TASK GOAL ▸
With all pictures omitted, return verbatim the lines from the beginning of the records below through the line containing "Напівпричіп Lecitrailer".

Segment Open

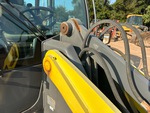 Chassis with Chassis bis Armstifte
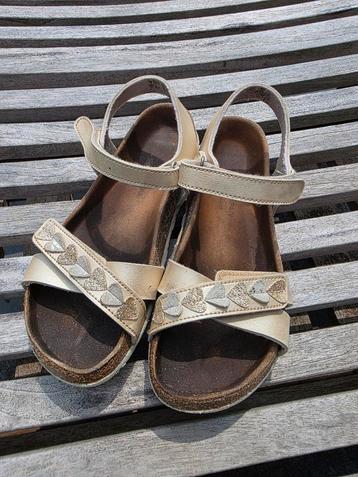 Lederen sandalen met velcrosluiting maat 34 beschikbaar voor biedingen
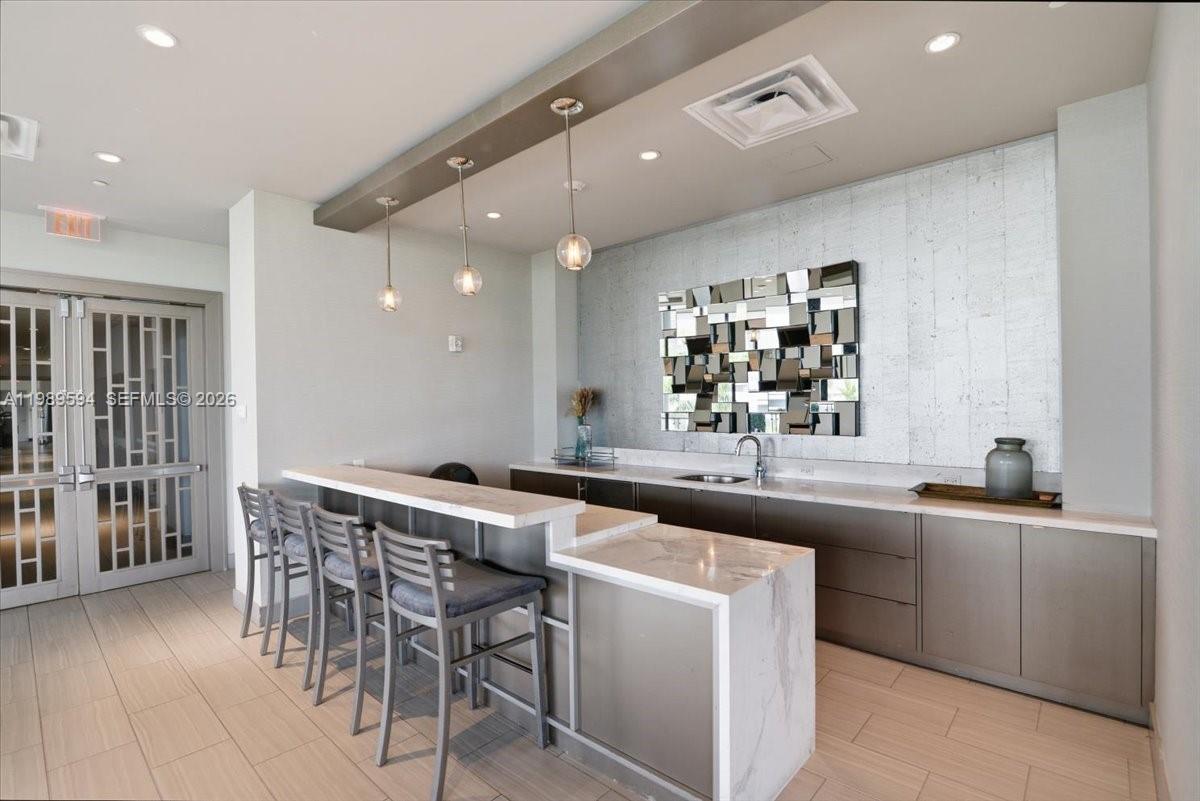 5300 Paseo Blvd #1803 Doral, FL 33166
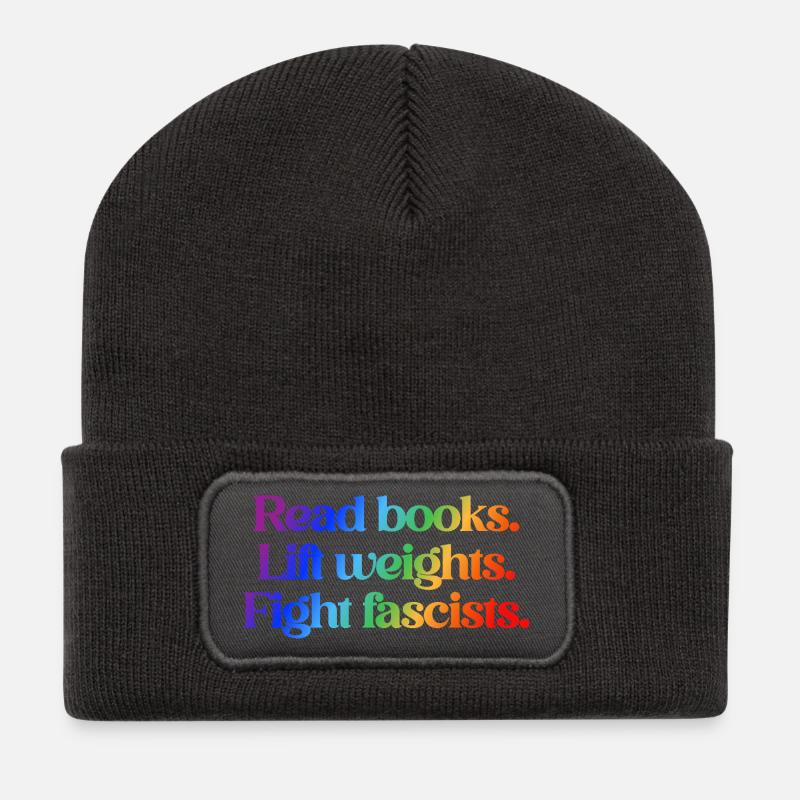 Read books. Lift weights. Fight fascists. - Recycelte Patch Beanie - Dunkelgrau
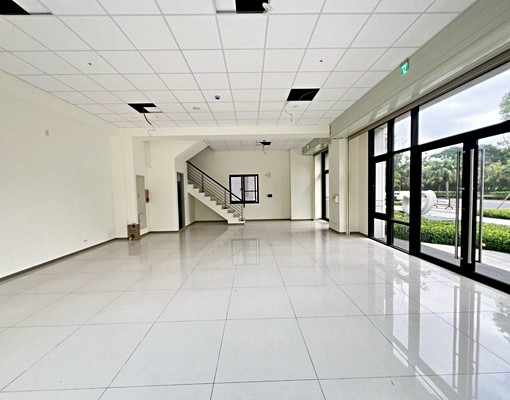 【租】高鐵TECHPARK金店面~夾層滿雙衛浴12萬/月 - Image 3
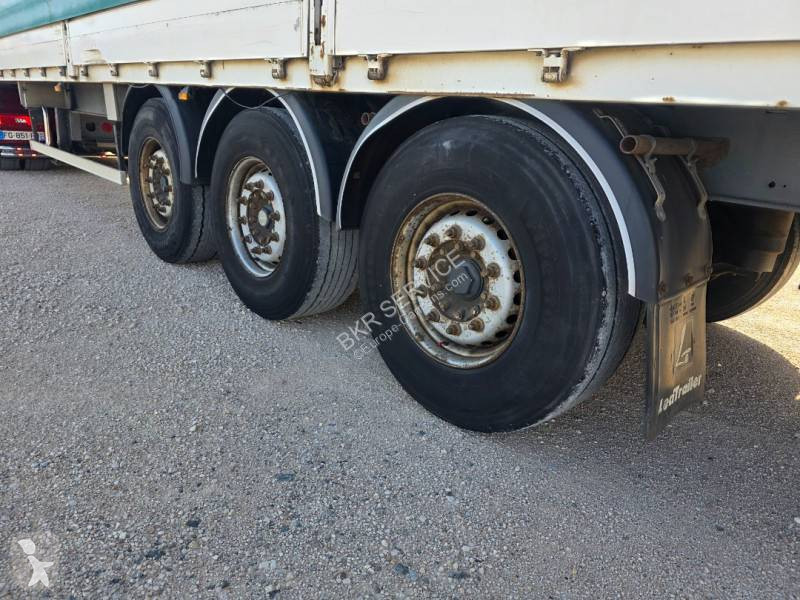 Напівпричіп Lecitrailer
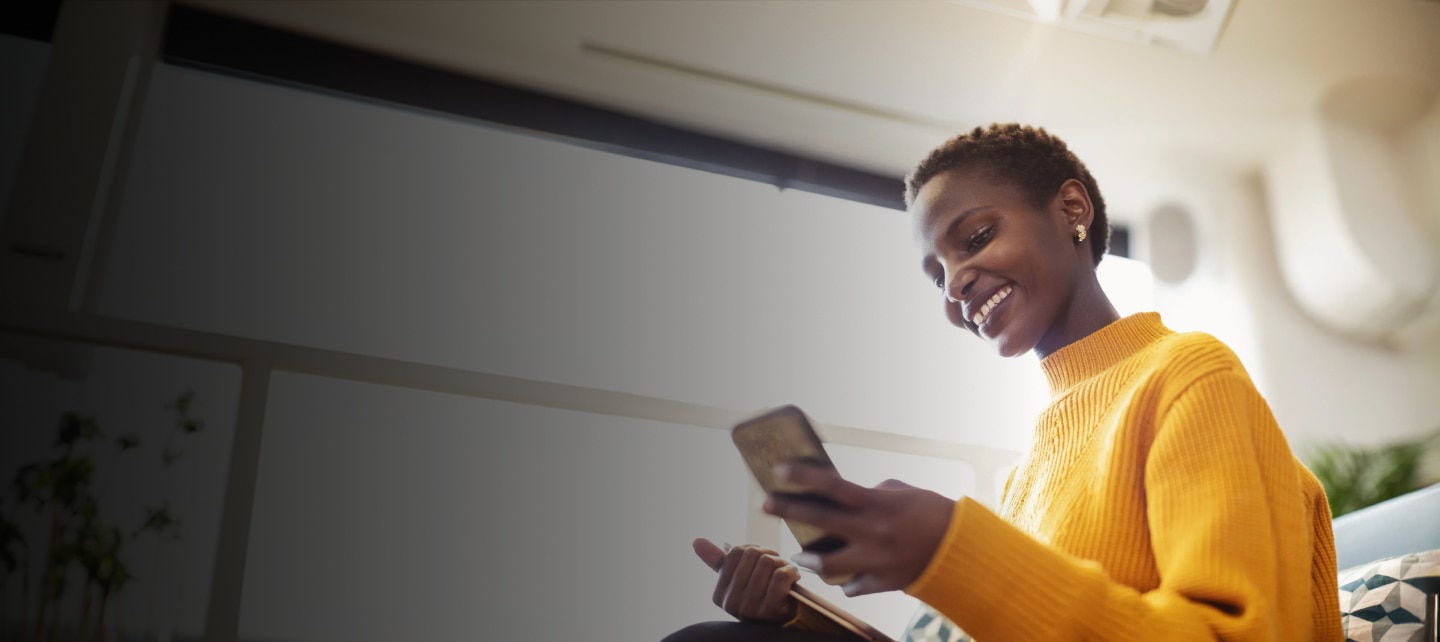 femme avec un téléphone et une tablette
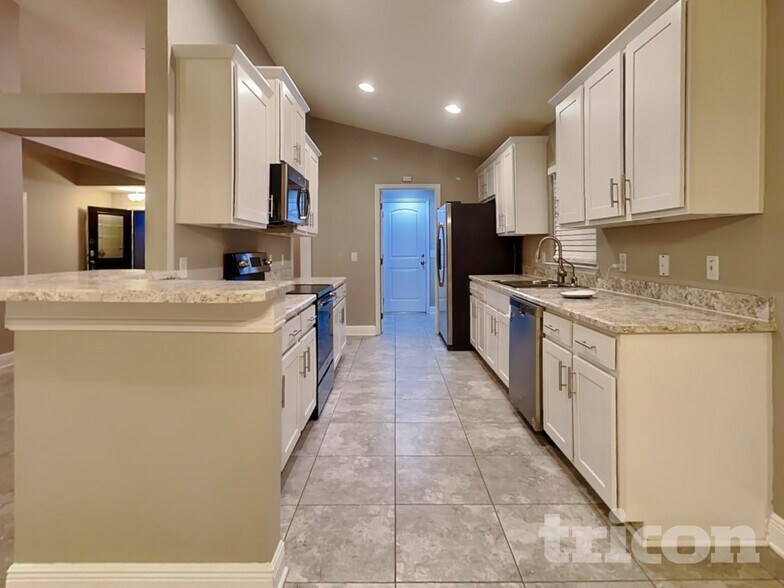 Building Photo - 14456 Barley Field Dr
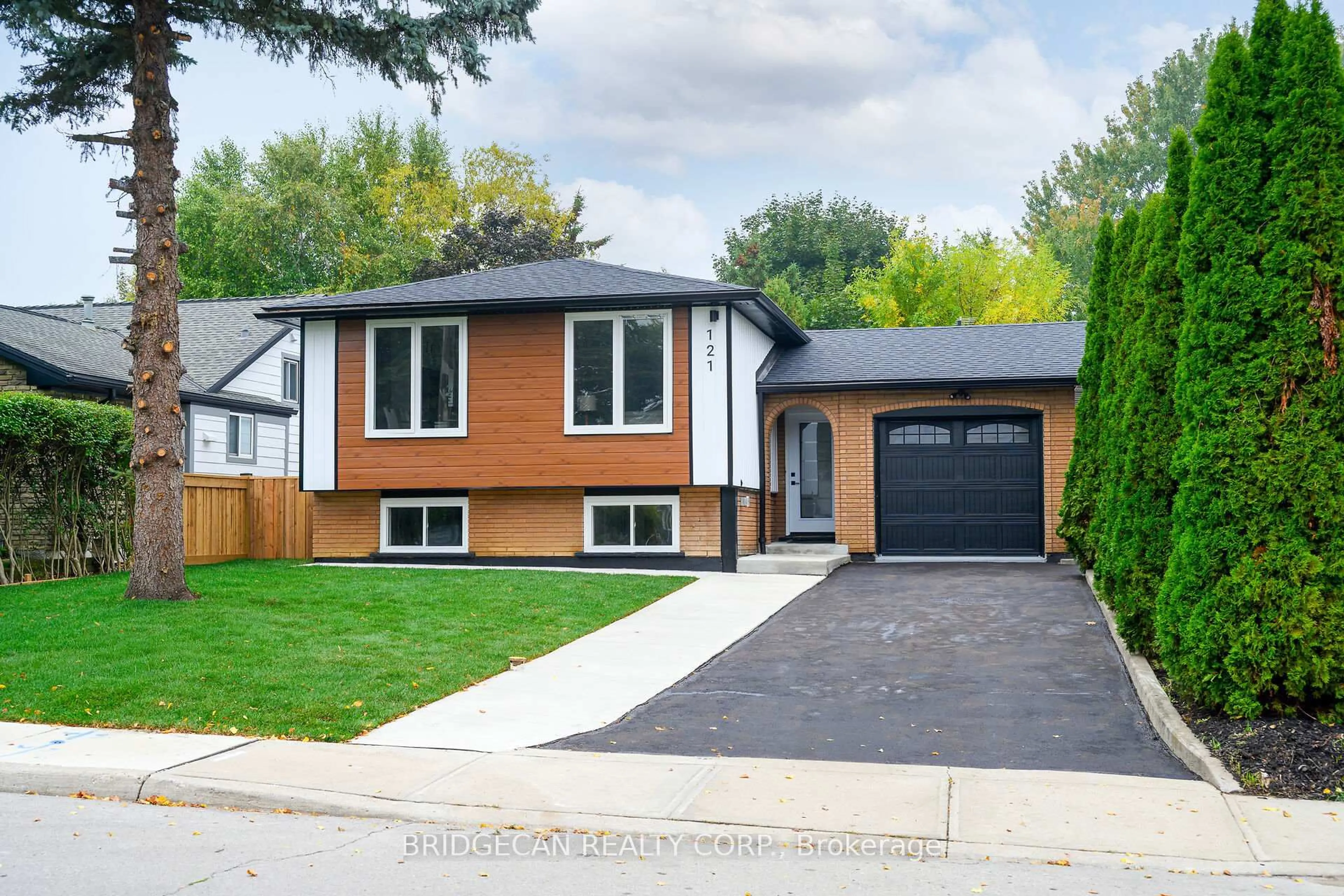 Home with brick exterior material, street for 121 Appleford Rd, Hamilton Ontario L9C 5Y2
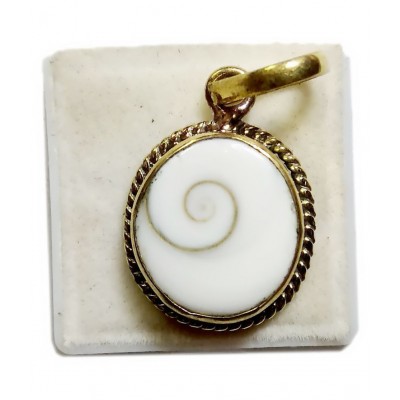 Natural Gomati Chakra Pendant 7.50-8.50 Ratti Panchdhatu Metal Yellow Gold Plated Pendant Locket for Men and Women Natural Gomati Chakra Pendant 7.50-8.50 Ratti Panchdhatu Metal Yellow Gold Plated Pendant Locket for Men and Women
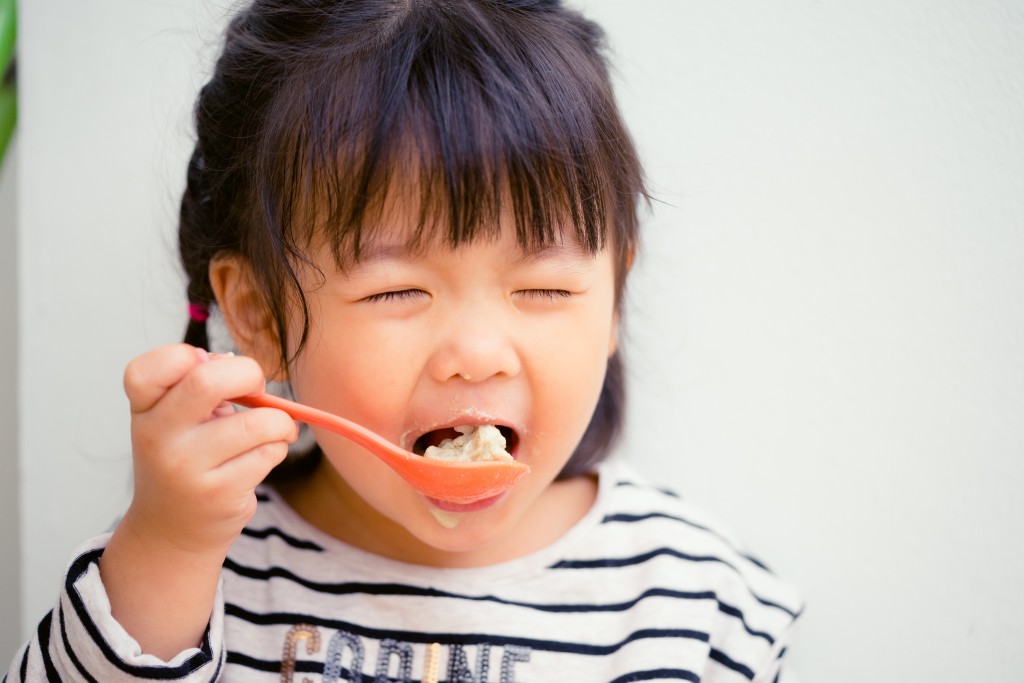殷笑雪建議家長可以給孩子吃質地偏硬或含豐富纖維的食物，加快已鬆的乳齒脫落。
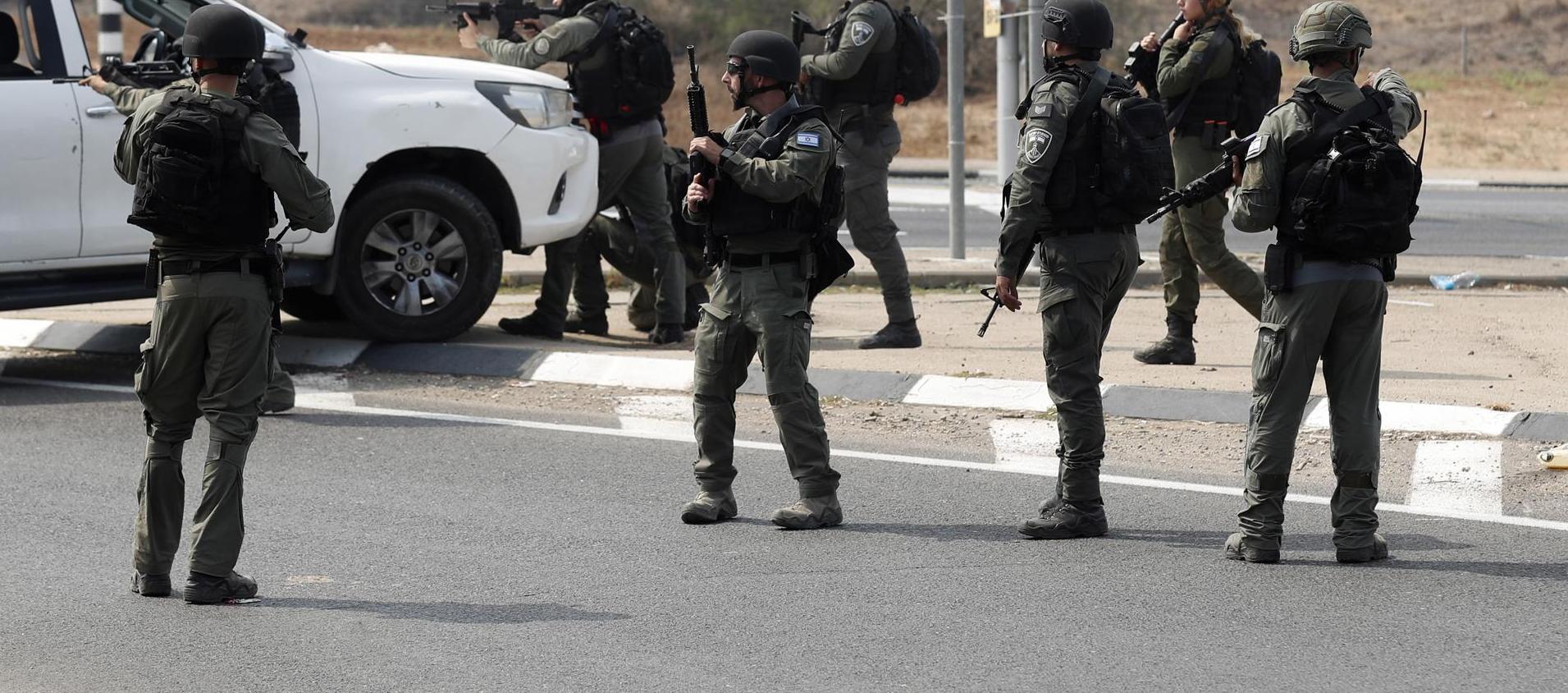 Soldados de Israel en la frontera con Gaza en medio de la guerra.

Segment Closed

PROBLEM SOLUTION ▸
 Chassis with Chassis bis Armstifte
 Lederen sandalen met velcrosluiting maat 34 beschikbaar voor biedingen
 5300 Paseo Blvd #1803 Doral, FL 33166
 Read books. Lift weights. Fight fascists. - Recycelte Patch Beanie - Dunkelgrau
 【租】高鐵TECHPARK金店面~夾層滿雙衛浴12萬/月 - Image 3
 Напівпричіп Lecitrailer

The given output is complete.